Data excerpts Start Marker

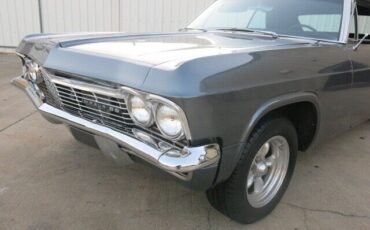 Chevrolet-Impala-Coupe-1965-Gray-Black-1640-13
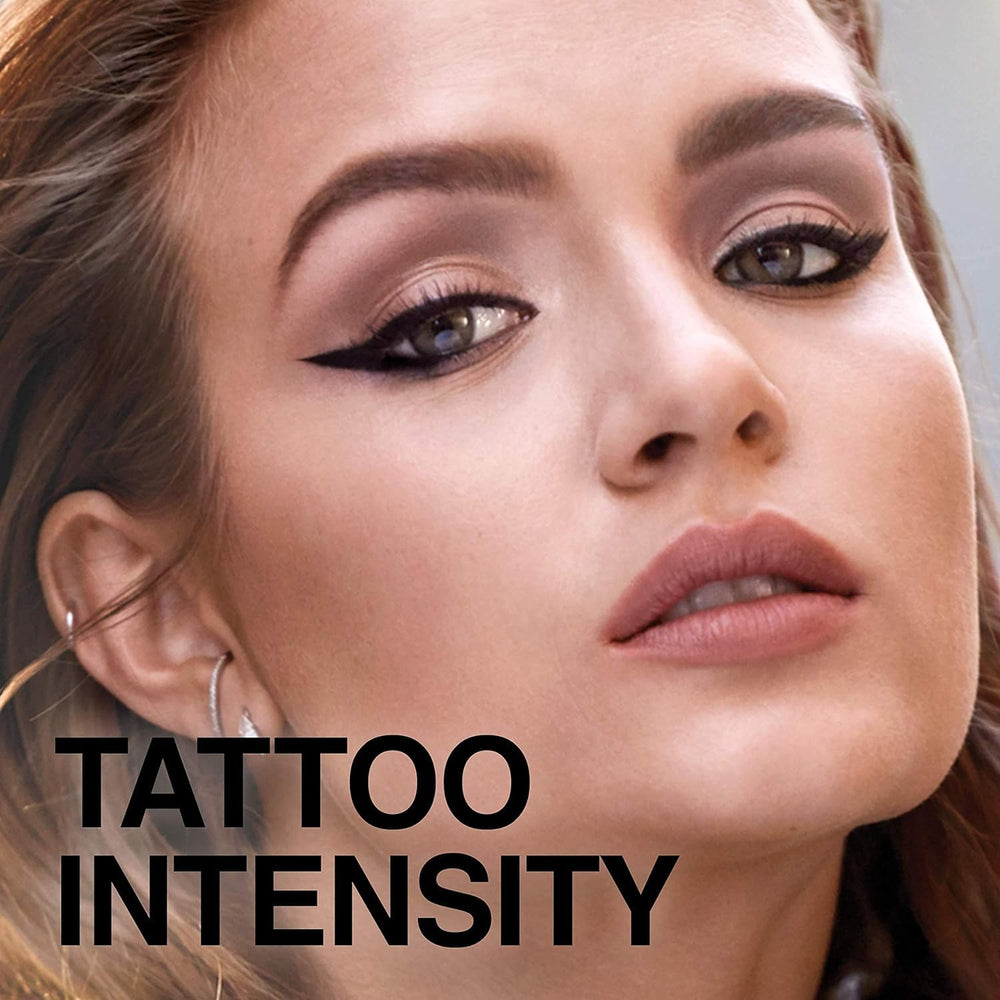 Pigmentos intensos de Maybelline TattooStudio para color profundo en los ojos.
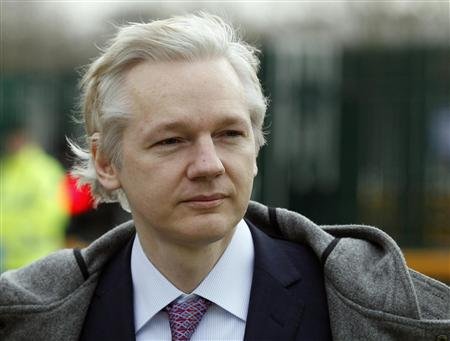 Assange, fundador do WikiLeaks, tenta permanecer em solo inglês.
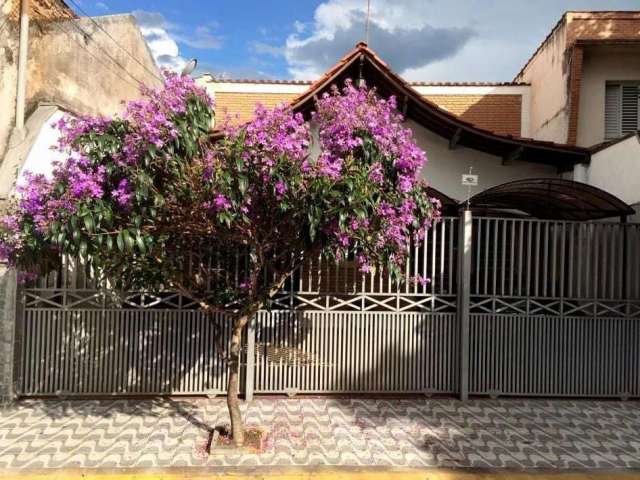 Casa com 6 dormitórios à venda, 400 m² por R$ 1.200.000 - Centro - Taubaté/SP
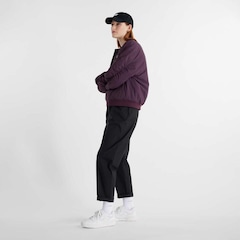 Calça New Balance Twill Boylston Feminina - Foto 7
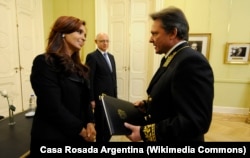 La entonces presidenta de Argentina, Cristina Fernández, recibe las cartas credenciales del embajador ruso, Viktor Koronelli, en noviembre de 2011. (Foto: Casa Rosada Argentina vía Wikimedia Commons)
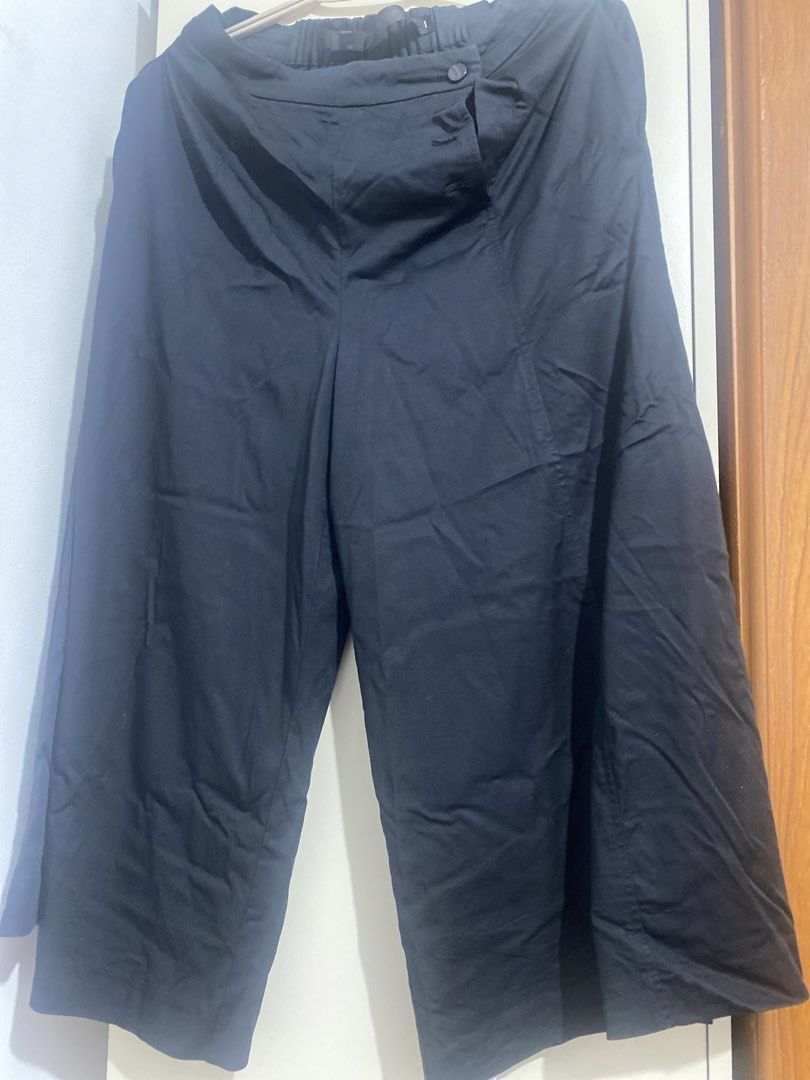 COS Black Wide Leg Culottes Cropped Pants (Category: Other Bottoms) located in Manila. Submitted by nullahstore (Listing ID 1455249752, Image 1). Description: - COS black culottes - Wide leg, cropped style - Side button closure - Comfortable cotton-like material - Versatile for casual or dressed-up looks.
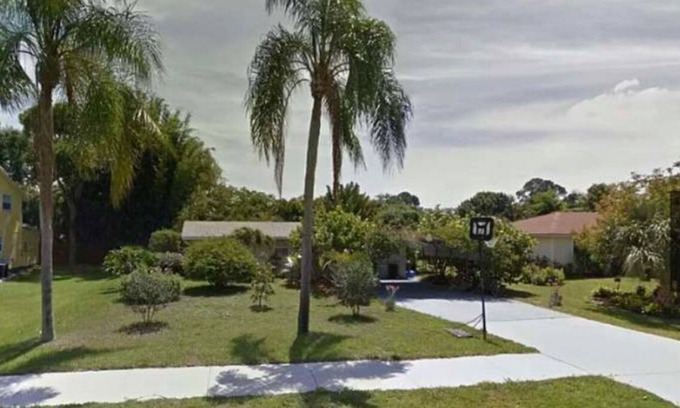 Palm City House | Near Stuart Sunset family & pet friendly home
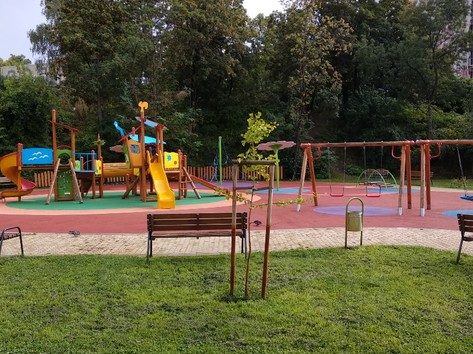 Парк Възраждане - Детска площадка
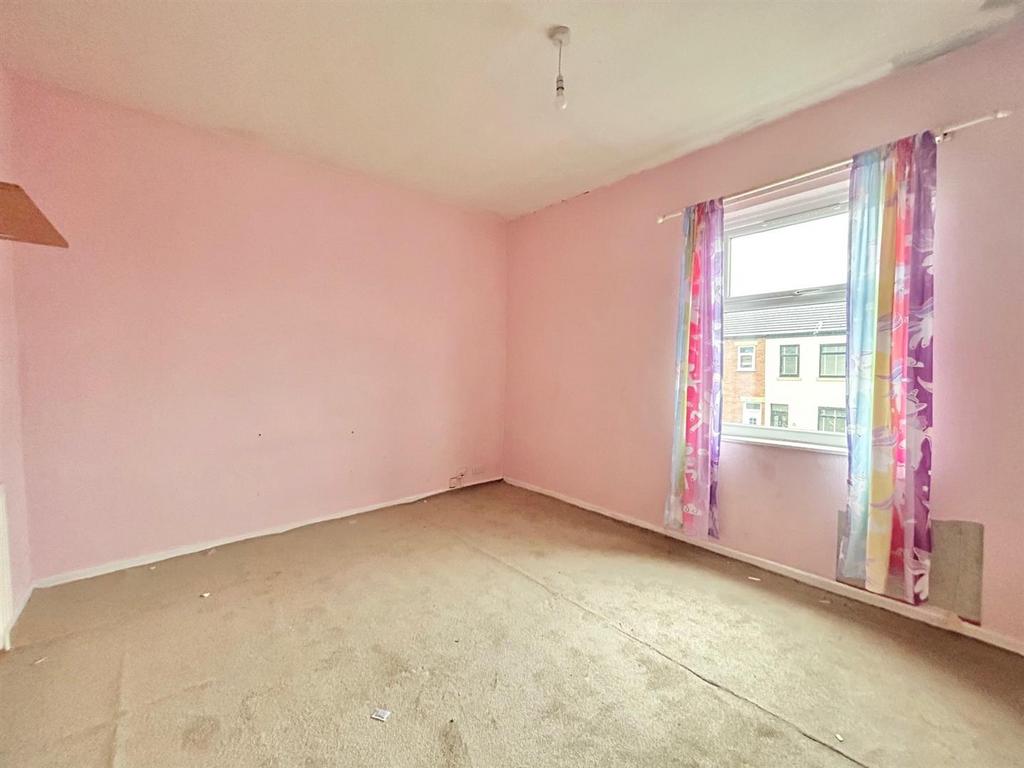 Bedroom1.jpg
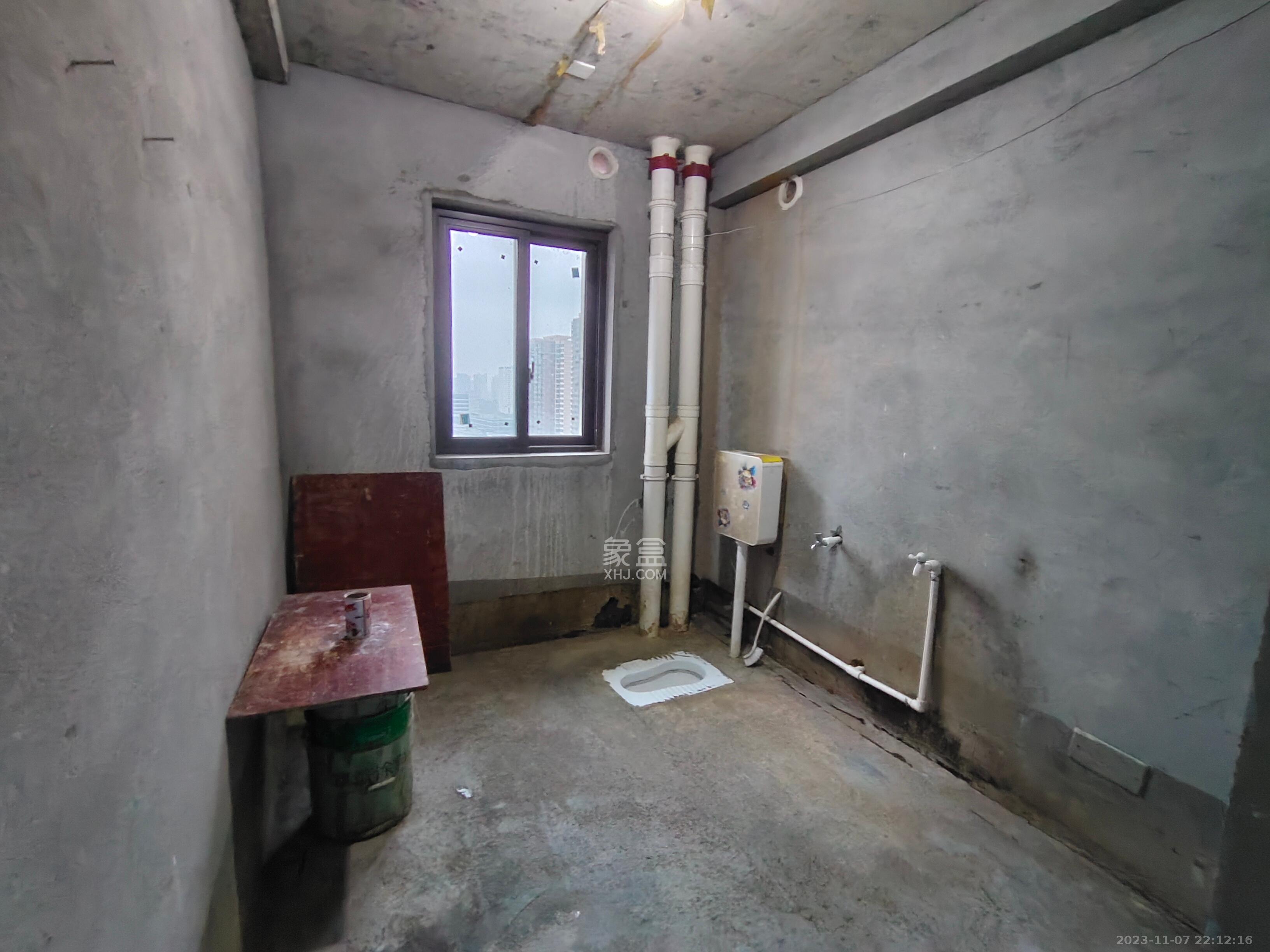 东方美地  3室2厅2卫   1000.00元/月室内图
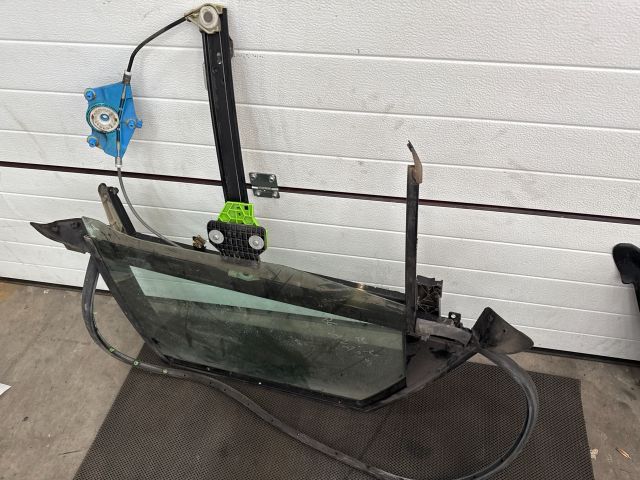 bontott AUDI A4 B6 Jobb hátsó Ablakemelő Szerkezet (Elektromos)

Data excerpts End Marker

Aim of the exercise>
Each line of the data above must be repeated exactly, images excluded.

The completed task>
 Chevrolet-Impala-Coupe-1965-Gray-Black-1640-13
 Pigmentos intensos de Maybelline TattooStudio para color profundo en los ojos.
 Assange, fundador do WikiLeaks, tenta permanecer em solo inglês.
 Casa com 6 dormitórios à venda, 400 m² por R$ 1.200.000 - Centro - Taubaté/SP
 Calça New Balance Twill Boylston Feminina - Foto 7
 La entonces presidenta de Argentina, Cristina Fernández, recibe las cartas credenciales del embajador ruso, Viktor Koronelli, en noviembre de 2011. (Foto: Casa Rosada Argentina vía Wikimedia Commons)
 COS Black Wide Leg Culottes Cropped Pants (Category: Other Bottoms) located in Manila. Submitted by nullahstore (Listing ID 1455249752, Image 1). Description: - COS black culottes - Wide leg, cropped style - Side button closure - Comfortable cotton-like material - Versatile for casual or dressed-up looks.
 Palm City House | Near Stuart Sunset family & pet friendly home
 Парк Възраждане - Детска площадка
 Bedroom1.jpg
 东方美地  3室2厅2卫   1000.00元/月室内图
 bontott AUDI A4 B6 Jobb hátsó Ablakemelő Szerkezet (Elektromos)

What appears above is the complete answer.